ÖZGÜR ÖZEL (Manisa) - …Meclisin hedef hâline gelmesini ve kendi canlarını yok sayan bütün milletvekillerimizi, burada birlikte bulunduğumuz arkadaşları bir kez daha saygıyla selamlıyoruz. Ancak 15 Temmuza Mecliste grubu bulunan bütün partiler direnmişken, 15 Temmuzu araçsallaştırıp 20 Temmuzda Meclisin yasama yetkisini Cumhurbaşkanı ve Bakanlar Kuruluna alarak ilan edilen OHAL'de; FETÖ'yle mücadale bir yana, ne kadar muhalif örgüt varsa, o, FETÖ'cülerle mücadele için alınan yetkiyi partiler üzerinde, dernekler üzerinde, akademi üzerinde, gazeteler üzerinde kullanıp kendi sivil darbesini gerçekleştirenleri, OHAL'e sığınıp Anayasa değiştirenleri ve OHAL'siz seçim yapamayanları tarih önünde hatırlatıyoruz.

Yarın Meclis kapalı, bu kürsüde neden özel oturum yok? Ertesi gün vardı, öbür yıl vardı.

(Mikrofon otomatik cihaz tarafından kapatıldı)

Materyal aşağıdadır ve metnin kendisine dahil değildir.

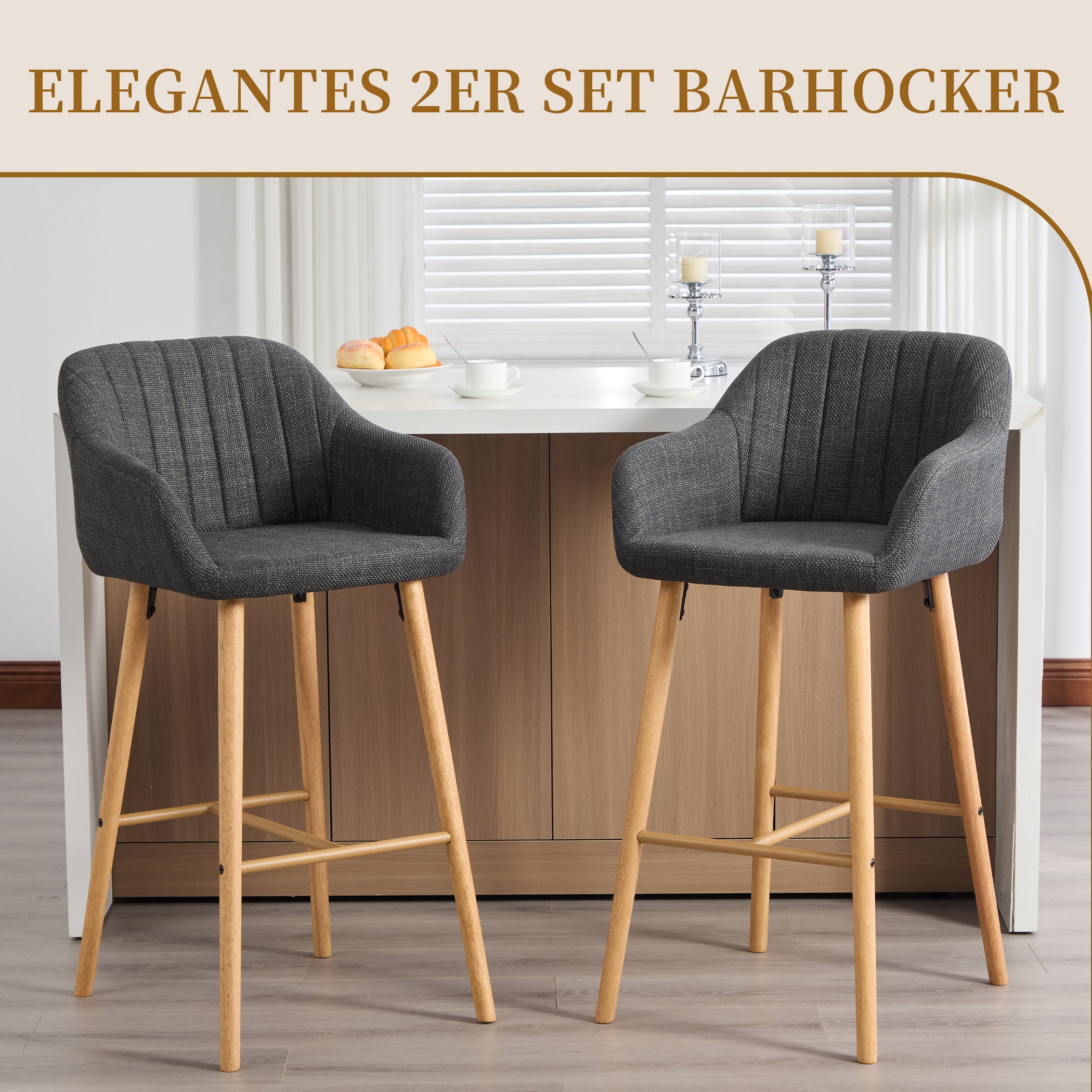2er Set Barstühle aus Leinenstoff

BAŞKAN - Buyurunuz Sayın Başkan.

ÖZGÜR ÖZEL (Manisa) - Ama 15 Temmuzla yüzleşme noktasına gelindiğinde; örneğin, Darbe Araştırma Komisyonu raporu ortadan kaldırılmış, her rapor var, o yok. Nerede? Meclis Başkanından yazılı istedik en son. Ve o raporda üç ay yeter mi? Dopingi araştırana üç ay yetmiyor, bir ay ek süre; hekime karşı, sağlık çalışanına karşı şiddete yetmiyor; Aromatik Bitkileri Araştırma Komisyonuna yetmiyor, 15 Temmuzu Araştırma Komisyonuna Cumhurbaşkanı üç gün önce talimat veriyor: "Süreleri doldu, raporu versinler." Ek süre istemiyorlar, gerçekleri gizliyorlar; MİT Müsteşarını çağırırlar, gelmez; dönemin Genelkurmay Başkanı çağrılır, gelmez. Bu sis perdesi bir şekilde ortadan kalkacak; bir başka perde kapanacak, bu sis perdesi açılacak Sayın Başkan; gelecek seçimlerde seçmen kabine girecek, perdeyi çekecek, bu sis perdesini de açacak. Hep birlikte o zaman gerçekleri öğreneceğiz.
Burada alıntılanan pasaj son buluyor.